New research has unearthed more clues to help understand the physical cause for depression. Researchers from the U.K.’s University of Warwick and the Fudan University in China found that the part of the brain involved in non-reward is linked to depression.

The study published Friday in the journal Brain found that the lateral orbitofrontal cortex, which is involved in non-reward is affected by depression hence giving patients a sense of loss and disappointment associated with not receiving rewards.

“More than one in ten people in their life time suffer from depression, a disease which is so common in modern society,” Jianfeng Feng from the University of Warwick, said in a statement.

“Our finding, with the combination of big data we collected around the world and our novel methods, enables us to locate the roots of depression which should open up new avenues for better therapeutic treatments in the near future for this horrible disease,” he added.

Researchers analyzed the brain scans of at least 1,000 people in China to observe the changes in the medial and lateral orbitofrontal cortex brought about by depression.

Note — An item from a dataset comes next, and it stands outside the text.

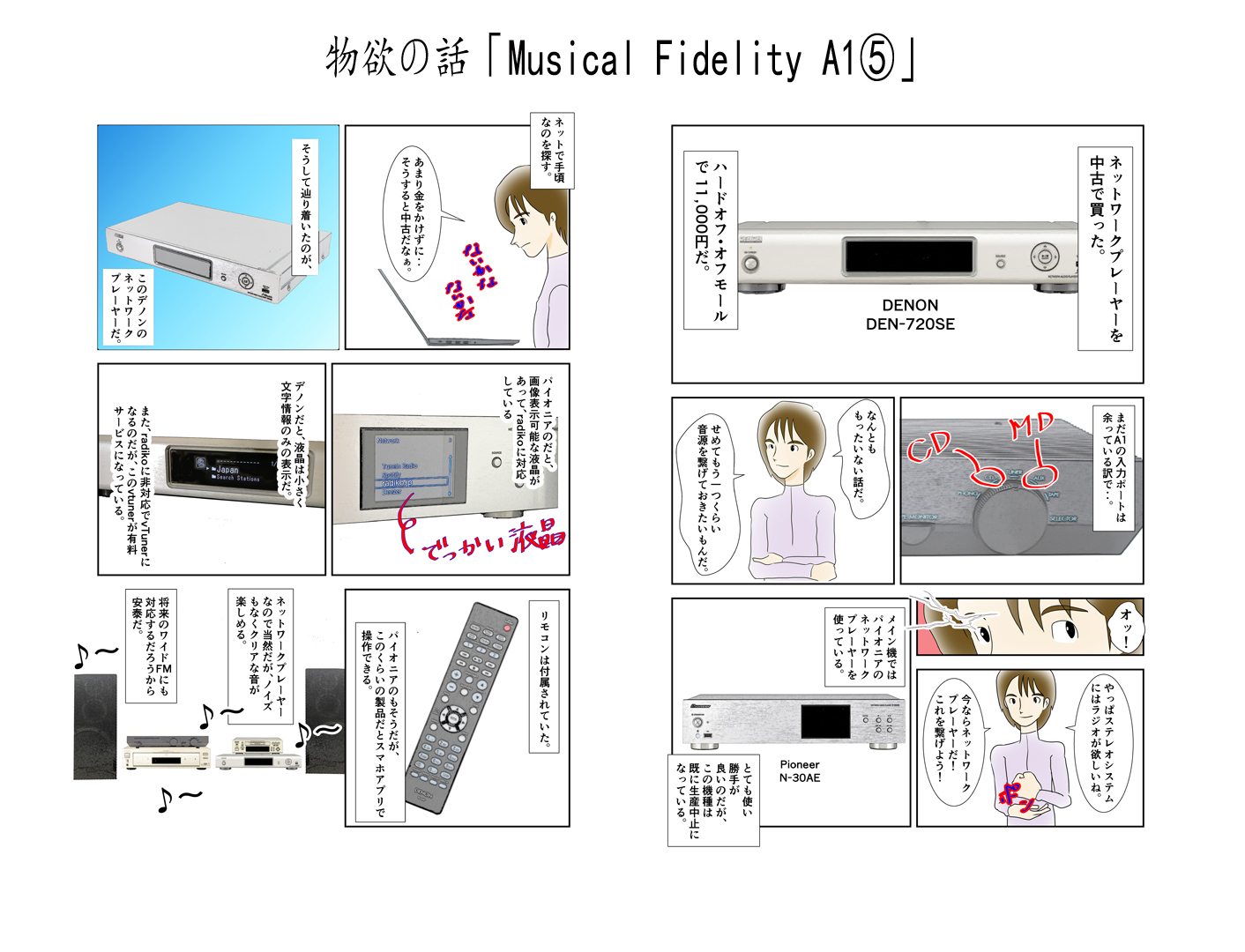 y~̂PXFMusial Fidelity A1z2022N̓~AW[o[݂̂܂ɓɃAvɍĂłȂ̂ɒÂA1w܂BASȂՓłBłÂƂĂCɂȂĂm̂łBܘbuǉEp[gUv_R~bNGbZC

The lateral orbitofrontal cortex is activated when a person does not receive rewards and is linked to the part of brain that is involved in self-esteem hence triggering feelings of worthlessness and low self-esteem.

Depression is also linked to poor connectivity between the brain’s reward center in the medial orbitofrontal cortex and the brain’s memory centers. This could be the reason behind patients’ inability to focus on happy memories.

“The new findings on how depression is related to different functional connectivities of the orbitofrontal cortex have implications for treatments in the light of a recent non-reward attractor theory of depression,” Edmund Rolls from the University of Warwick said in the statement.